In the closing section of the book Noel reflects on his brief spell as a seminarian at Maynooth.

“There wasn’t much career guidance in those days,” he quips. “I didn’t like farming and I was a farmer’s son, so I decided: you don’t want to be a farmer, maybe you’ll be a priest. I think that’s why I left Maynooth so quickly - I wasn’t suited for there at all.”

While he says it somewhat flippantly, the Celt suggests it must have felt like an enormous decision at the time.

“It was massive and very hard, and very difficult to leave, because you are leaving an institution of which a lot of people felt - if you go there you stay there.”

When he left, he travelled to the States, to earn the funds he needed to return to college and complete his degree as a lay student. The Maynooth Calling section then closes with his triumphal is arrival in St Clare’s College in Ballyjamesduff for his first day there as a qualified teacher. His happy career saw him teach for 36 years and climb to the rank of deputy principal.

“I enjoyed every moment of it.
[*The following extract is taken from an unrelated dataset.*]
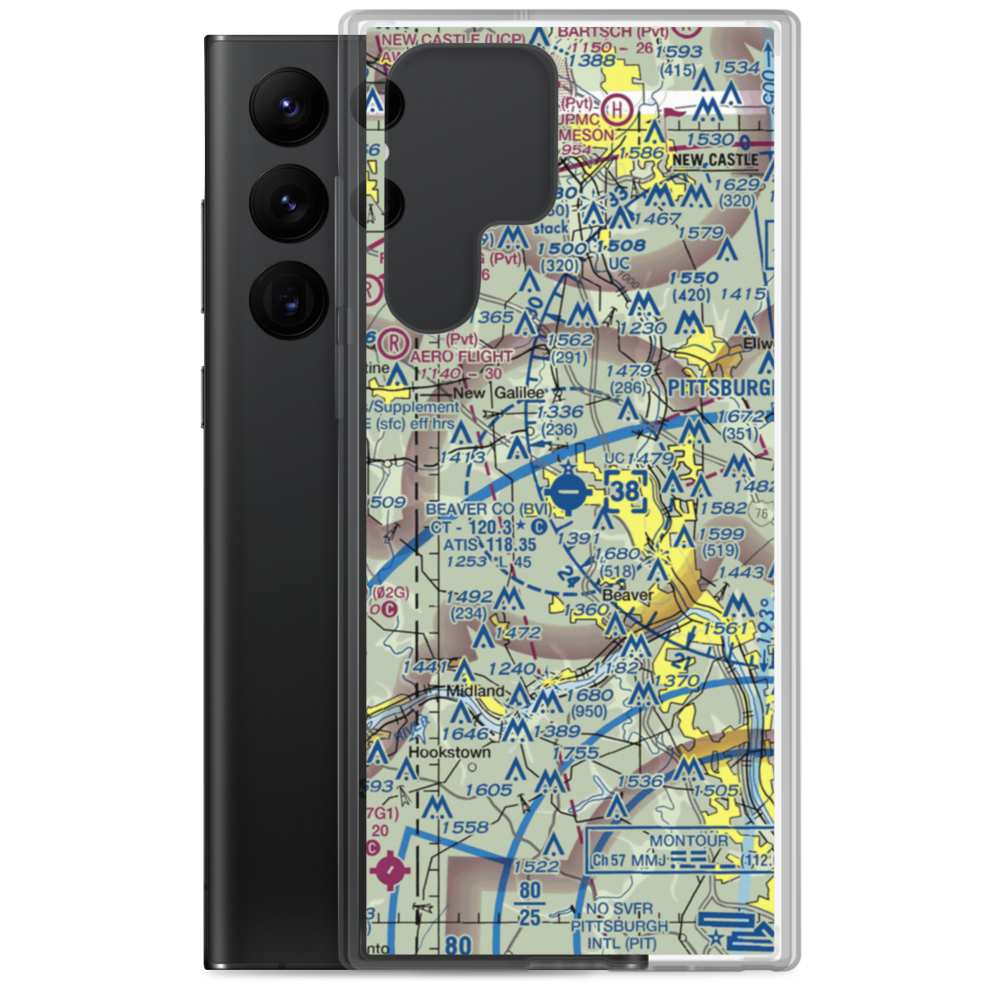 Beaver County Airport (BVI) VFR Sectional Samsung Case Samsung Galaxy S22 Ultra model shown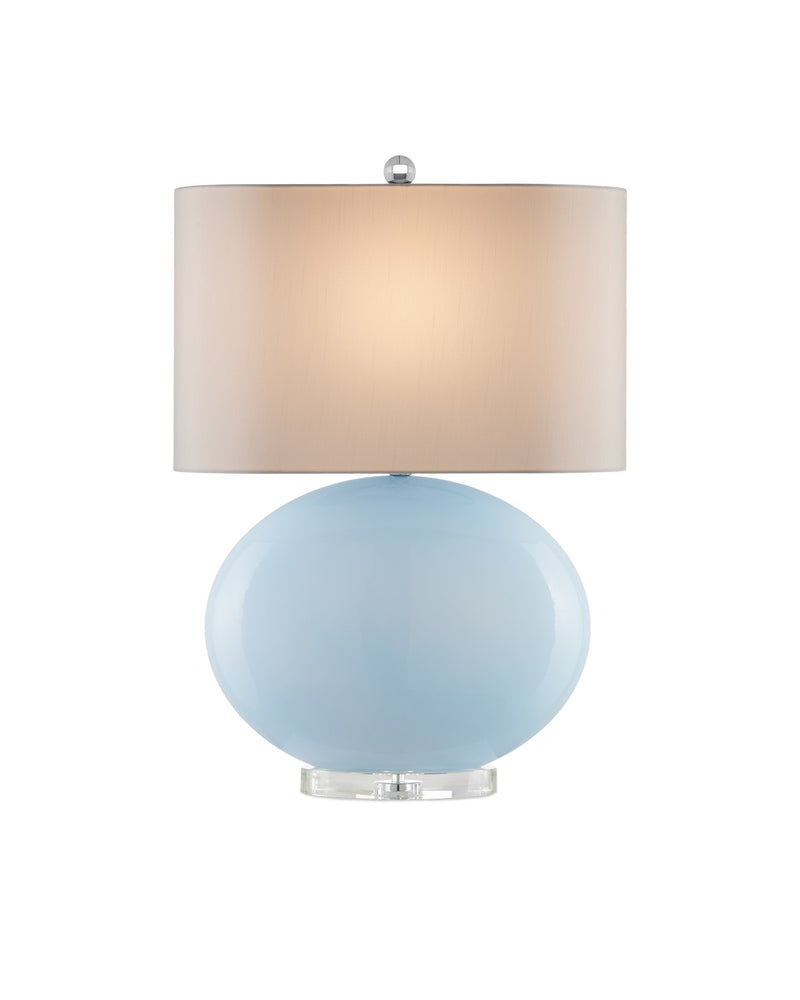 Laconia 1-Light Table Lamp in Light Blue & Clear & Polished Nickel - Lamps Expo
It was great fun, I just loved teaching.”

Somewhat surprisingly teaching crops up again in the interview when the Celt asks him about people who are put off by poetry suspecting it is too daunting.

“Some of the reason for that is that over the years poetry has been badly taught in schools, because teachers can sometimes be afraid of it. They love teaching the novel, the short story, and the plays but they are very reluctant about poetry - and maybe they have received much the same attitude.”

While he thinks poetry is “very available” generally, he concedes: “When you get the book and it’s in your hands and you’re on your own, sometimes you can’t hear the music of the lines.”

He suggests hearing the poet read their own work to get a sense of the “poet’s music”.

In Journey Upstream, Noel’s poems truly are accessible as shown by ‘Erne I & II’, sibling poems he favours from the collection.

“It’s just about feelings, that’s all. My poems are very simple and very available, there’s nothing cryptic about it at all. Sometimes people criticise it and say they don’t rhyme - I do rhyme when it suits me, because we have had too much of rhyming poetry and they’ve exhausted the language.

“Hopefully the language is fresh, as fresh as the river water of the Erne.”

He’s delighted when the Celt notes he enjoyed penning the line:

‘I was born geo ages ago’/old enough to know all that I am’

“Upstream is just going back,” he says. “The Erne is the connecting world.”

The emphasis on the Erne makes sense for Noel, as born in Granard, he fished as a young lad at Gowna near where the river rises. He spent much of his adult life in Cavan, where the river “throws open the door to the lakes” as Noel puts it in Erne I.

“I think the river reminds us of our insignificance because really in ways this book, when you look at it from cover to cover, it’s not ostentatious it’s really just trying to say: we’re there. We think at an early stage we know understand everything and then as you grow older maybe you grow a little bit wiser and you come to grips with age, time and your own insignificance.

“The great questions of life have to do with infinite time and infinite space. Students used to ask me: ‘How old are you sir? And I would say, ‘I’m at least 3,000 years old.’”

He recalls writing a poem called Stone-Breaker in his previous collection that references Saxifraga.

“It’s a wild flower that lived through the Ice Age, and that would be 20,000 years ago, and that grows in Cavan up in Cuilcagh mountain. So it survived. That’s where I get a lot of inspiration - that’s where my mind is with the journey upstream - it’s about infinite time and infinite space and that’s more important than our little lives, that’s what that book is about.”

The closing lines of that wonderful poem read: Our only prayers that some seeds may fly/ With the winds of chance/ Into the open mouths of years to come.